Theresa May met with EU leaders on Sunday, as they voted on whether to approve her draft withdrawal agreement. All 27 leaders agreed the bill, passing the next stage of Brexit over to UK Parliament. For this, Parliament will have days of debate before a final vote.
What date will the meaningful vote be?
In a letter to Conservative MPs, chief whip Julian Smith indicated that the “meaningful vote” on Theresa May’s Brexit deal is expected to take place on December 11.
Mr Smith said that the vote would come after five days of debate, starting on Tuesday, December 4 and told MPs that attendance in the voting lobbies should take priority over any Christmas gatherings.

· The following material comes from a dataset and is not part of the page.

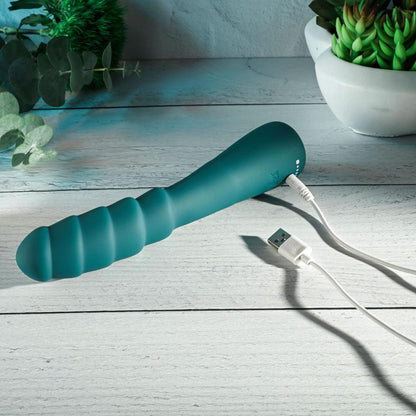 Gender X SCORPION - Green 21.2 cm USB Rechargeable Vibrator - GX-RS-3793-2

The letter read: “As we approach the end of the calendar year I wanted to write to give you advance notice of the Parliamentary business over the next few weeks.
I am sure there will be many seasonal gatherings organised, but if you could continue to keep in mind the requirement for your attendance in the division lobbies to take priority I would be grateful.”

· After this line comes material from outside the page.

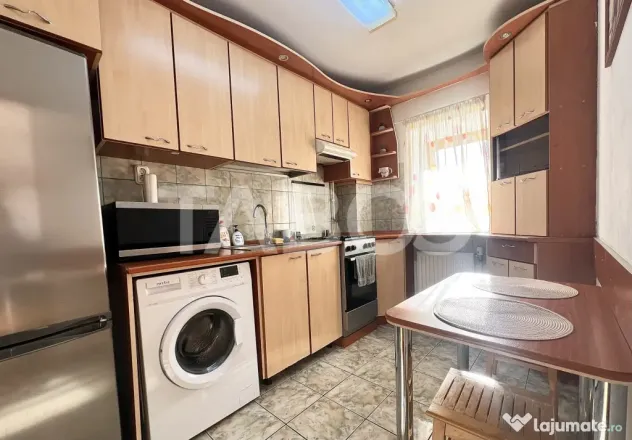 Apartament cu 3 camere de vanzare izolat cu boxa in Gheorghe - Cluj-Napoca (Cluj)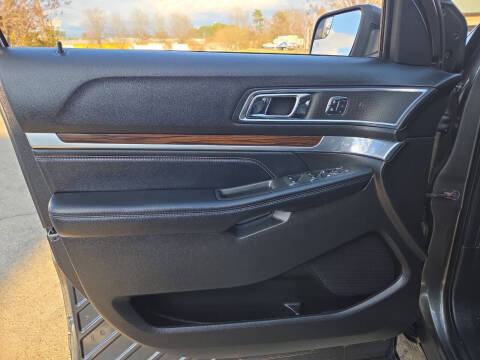 2017 Ford Explorer Limited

The letter gives a timetable of political events for two weeks, beginning December 2.
On Tuesday, December 4 through to Tuesday, December 11 Parliament will debate and then vote on the Brexit withdrawal agreement.

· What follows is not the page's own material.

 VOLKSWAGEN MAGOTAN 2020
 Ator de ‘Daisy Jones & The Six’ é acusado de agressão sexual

The exception is Friday, December 7 and Saturday and Sunday December 8 and 9 as the house is not sitting.
In her third statement to the Commons on leaving the EU, she said: “I’m looking ahead to December 11th, when this House will be faced with a decision as to whether or not it wishes to deliver on the vote of the British people with a deal that not only delivers on that vote but also protects their jobs.”
The Prime Minister will be preparing to face fierce opposition to her withdrawal agreement, as several MPs have already spoken out against the deal.
Today in the Commons, Mrs May faced an onslaught of questions from former Cabinet ministers as she pitched her Brexit deal to the Commons.
The Prime Minister was forced to repeatedly defend her strategy as senior Tory members lined up to criticise everything from the Northern Irish border agreement to pledges around future economic security.
Tory former defence secretary Sir Michael Fallon described the deal as a “huge gamble”, former foreign secretary Boris Johnson argued it did not “provide certainty to business” and ex-Brexit secretary David Davis asked why Mrs May was not withholding the £39 billion divorce bill until a comprehensive trade agreement had been reached.
Sir Michael said: “Well nobody can doubt that the Prime Minister has tried her very best, are we not nonetheless being asked to take a huge gamble here?
“Paying, leaving, surrendering our vote and our veto without any firm commitment to frictionless trade or the absolute right to dismantle external tariffs.
“Is it really wise to trust the future of our economy to a pledge simply to use best endeavours?”